As I obsorbed all of this information and heartwrenching story from a perfect stranger, she dropped the craziest question: “What should I do?” I was completely baffled and taken aback. She asked my advice because she spent 7 years looking for this Nigerian man. At the time of me hearing her story, she had tracked him down to a medical school in America. She had not yet tried to contact him. I told her perhaps it just wans’t meant to be and that she should try to learn how to love her husband and to teach her husband how to love her. She cried a lot right there in the hospital telling me her story and hearing my lame advice.
Our names were called. Before parting ways, we exchanged phone numbers and I told her I would pray for her.
Almost 2 years later, she happily sent me a Wechat (Weixin) message that she had found him. He was married and living in Africa. She wanted to go see him to see if he still loved her. I was shocked and didn’t know what to tell her at this point.
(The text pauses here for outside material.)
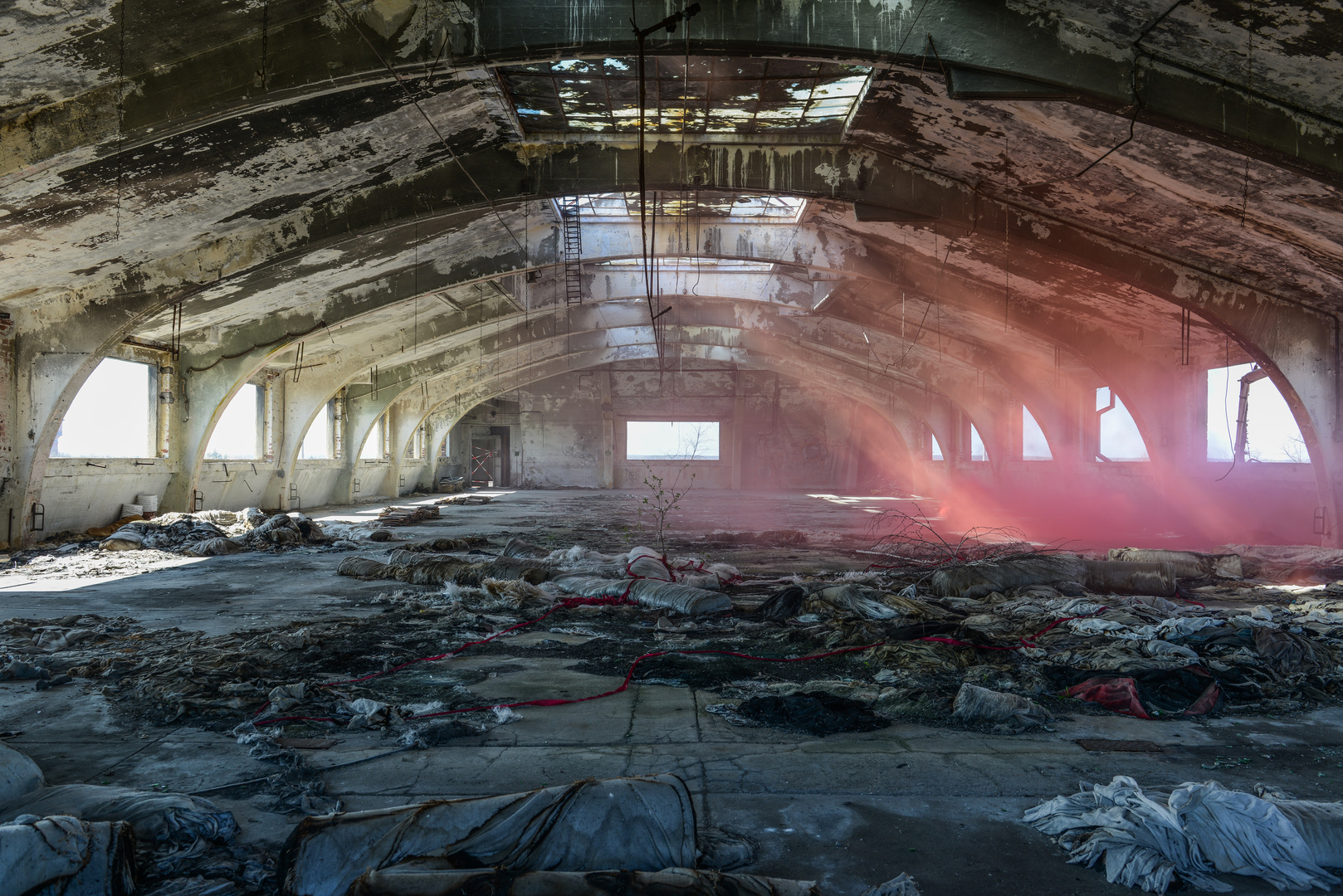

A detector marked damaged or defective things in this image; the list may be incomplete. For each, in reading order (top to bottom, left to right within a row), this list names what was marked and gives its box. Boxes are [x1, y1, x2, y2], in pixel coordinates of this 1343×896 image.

broken skylight [501, 56, 870, 134]
broken skylight [564, 192, 800, 219]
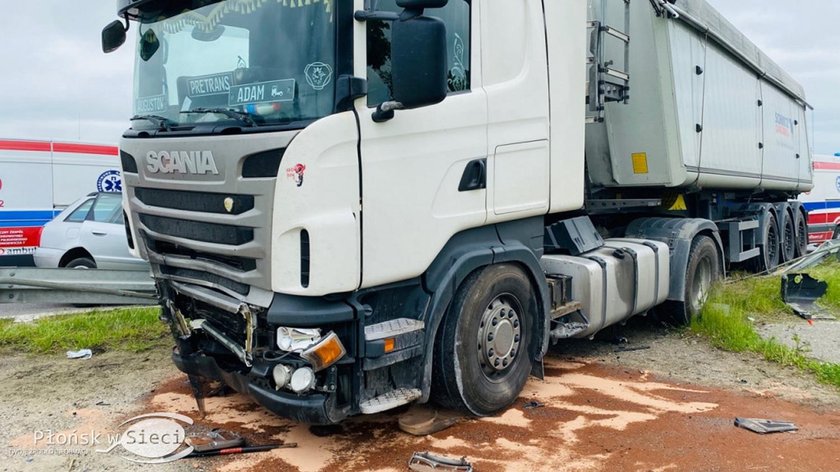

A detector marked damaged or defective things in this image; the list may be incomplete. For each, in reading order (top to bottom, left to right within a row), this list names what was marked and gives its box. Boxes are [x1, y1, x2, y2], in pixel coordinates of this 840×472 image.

damaged scania truck [100, 0, 812, 422]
I could only hope she would think about the ripple effects of her choices. Perhaps one day I will hear from her again. Not sure how I hope her story will end…just that her heart will somehow mend.
One hundred percent of the time I love being able to go out and teach. One hundred percent of the time I hate leaving my babies behind. All their new accomplishments are being witnessed by someone other than myself. I am green with envy and the giant, green monster named “Jealousy” rears its head every chance it can get. Yes!! I said it! I am jealous of my husband. Why? You ask. Well, he got to see Connor’s first roll-over moment, his first real smile and heard his unbelievably crazy giggle before I did. He took him for his first hair cut and didn’t even bother to bring me a strand to save. He took him swimming at the baby pool house and I didn’t even know about it until I came home. I am lamenting about lost opportunities, lost joys of seeing my little one develop. I am lamenting but also rejoicing.
I am rejoicing that my babies have a “Super Milk Daddy”. This is what the few Stay-At-Home Dads here in China are called. He is who my children wake up to, the person who makes their breakfast, lunch and dinner. He takes them out to play and he kisses their boo boos. He encourages Ethan to learn even when he doesn’t want to. It’s all gooooood…..except for the fact that I feel like I am letting them down by not being there throughout the day. Sometimes, I have to literally stop and think about all of the tasks I used to do all by myself as a single mom and know that my husband is taking them on head-on never complaining.
I have a “Super Milk Daddy-Husband” and I love him more each day…even when his accomplishments with the boys make me feel inadequate as a mother and wife. Now I know exactly what married fathers all over the world are feeling when they have to disappear every morning into an office carrying a briefcase full of non-essential documents, which they will use to do non-essential work that seems to keep the non-essential business of this world revolving. I AM IN THEIR SHOES. I am a Super Work Mommy wishing to be a Super Milk Mommy.